溶解性有机物(dissolved organic matter, DOM)在水环境中普遍存在，其光降解行为与种类和来源密切相关。近年来，南水北调中线工程沿线中DOM含量过高问题逐渐引起了人们对饮用水水源水质的关注。利用三维荧光光谱与紫外可见吸收光谱表征了清河段DOM在水(Water DOM, W-DOM)、底泥(sediment-derived DOM, S-DOM)、藻胞内(intracellular DOM, I-DOM)和胞外(extracellular DOM, E-DOM)这4种典型来源中的光学性质和光降解行为。结果表明，W-DOM的主要来源是藻类代谢产生的E-DOM；S-DOM的主要形成原因是藻细胞破裂释放I-DOM。DOM的光漂白主要发生在紫外区，且UV-B波段的光漂白效率大于UV-A波段。
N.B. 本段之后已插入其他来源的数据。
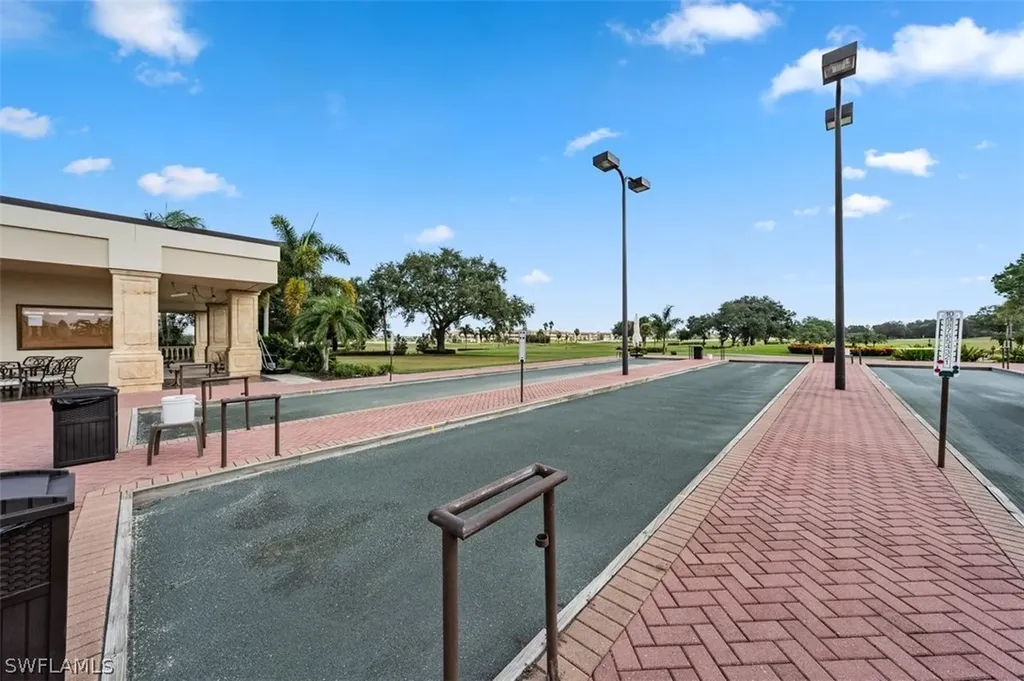 118 Fountain Circle Naples FL 34119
W-DOM、S-DOM和E-DOM中有色DOM(chromophoric DOM, CDOM)的降解率基本相同，为40%~50%；I-DOM中CDOM降解率相对较低，约为25%。光照可以将W-DOM、S-DOM和E-DOM中复杂的大分子物质分解成结构简单的小分子物质。CDOM中类腐殖质的光降解率比类蛋白质更高，W-DOM、S-DOM和E-DOM中CDOM与类腐殖质的光降解速率在相同时间下基本保持一致；S-DOM和E-DOM中CDOM与类蛋白质的光降解速率在相同时间下基本保持一致。以上结果反映了太阳辐射对水环境中DOM的转化和去除机理，为河流水质保护提供了理论依据。
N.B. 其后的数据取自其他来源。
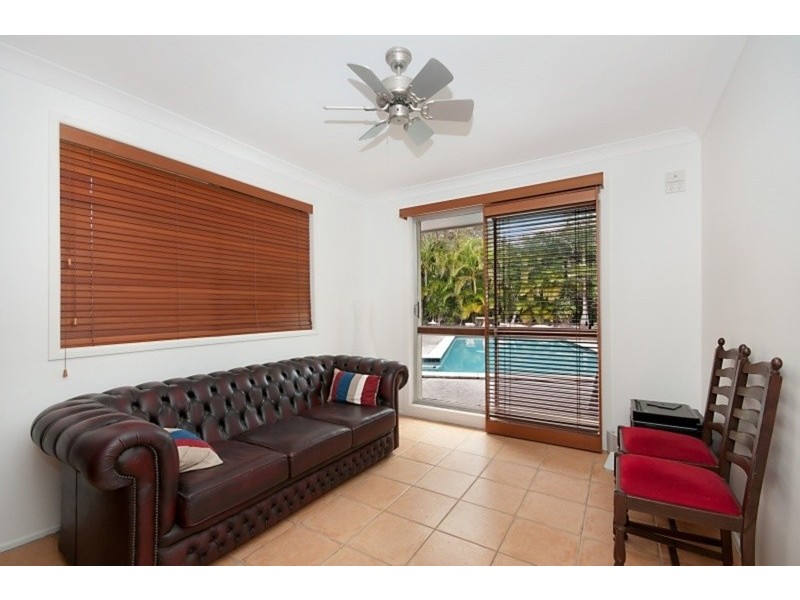 106 Albion Avenue, Miami QLD 4220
Photodegradation behavior of dissolved organic matter in Qinghe river of middle route of South-to-North Water Diversion Project

Dissolved organic matter (DOM) is ubiquitous in water environment, and its photodegradation behavior is closely related to species and sources. In recent years, the problem of high content of DOM along the Middle Route Project of South-to-North Water Diversion has gradually aroused people's attention to the quality of drinking water sources. In this study, three-dimensional fluorescence spectroscopy and UV-visible absorption spectroscopy were used to characterize the optical properties and photodegradation behavior of DOM from four typical origins, i.e., water (W-DOM), sediment-derived (S-DOM) and algae-derived intracellular (I-DOM) and extracellular DOM (E-DOM) in Qinghe river section. The results showed that the main origin of W-DOM was E-DOM produced by the metabolism of algae. The main reason for the formation of S-DOM was the release of I-DOM by algal cell rupture.
The photobleaching of DOM mainly occurred in the ultraviolet region, and the photobleaching efficiency of UV-B band was higher than that of UV-A band. The degradation rates of chromophoric DOM (CDOM) in W-DOM, S-DOM and E-DOM were basically same, ranging from 40% to 50%. The degradation rate of CDOM in I-DOM was relatively low and about 25%. Irradiation could decompose complex macromolecules in W-DOM, S-DOM and E-DOM into small molecules with simple structure. The photodegradation ratio of humic-like substances in CDOM was higher than that of protein-like substances. The photodegradation rates of CDOM and humic-like substances in W-DOM, S-DOM and E-DOM were basically consistent at the same time; the photodegradation rates of CDOM and protein-like substances in S-DOM and E-DOM were basically consistent at the same time. The experimental results show the transformation and removal mechanism of DOM in water environment by solar radiation, which provides a theoretical basis for the protection of river water quality.